--- Instructions to follow ---
All lines in the records below from the line with "2021 Honda N BOX" through the line with "Toy Story 5 Large Scale Jessie Figure" are to be given again exactly, both ends included; the pictures are to be left out.

--- Given data ---
━━━━━━━━━━

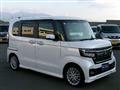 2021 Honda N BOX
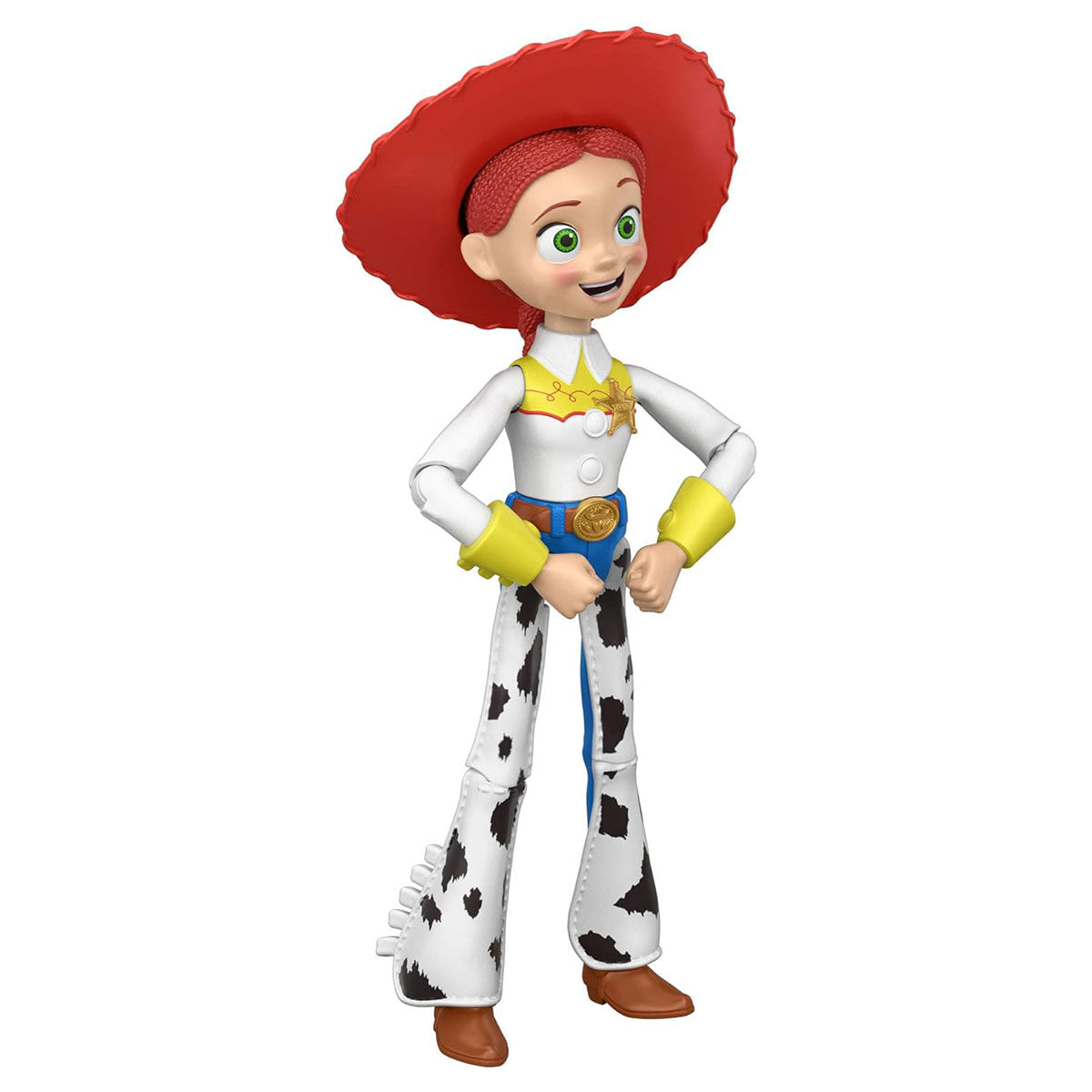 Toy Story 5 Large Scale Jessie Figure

━━━━━━━━━━

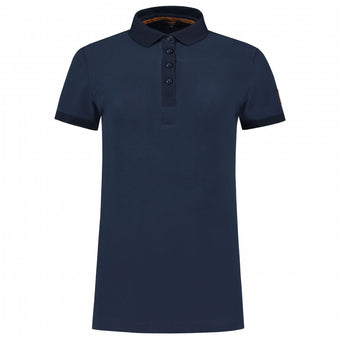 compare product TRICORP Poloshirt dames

━━━━━━━━━━

--- Answer below ---
 2021 Honda N BOX
 Toy Story 5 Large Scale Jessie Figure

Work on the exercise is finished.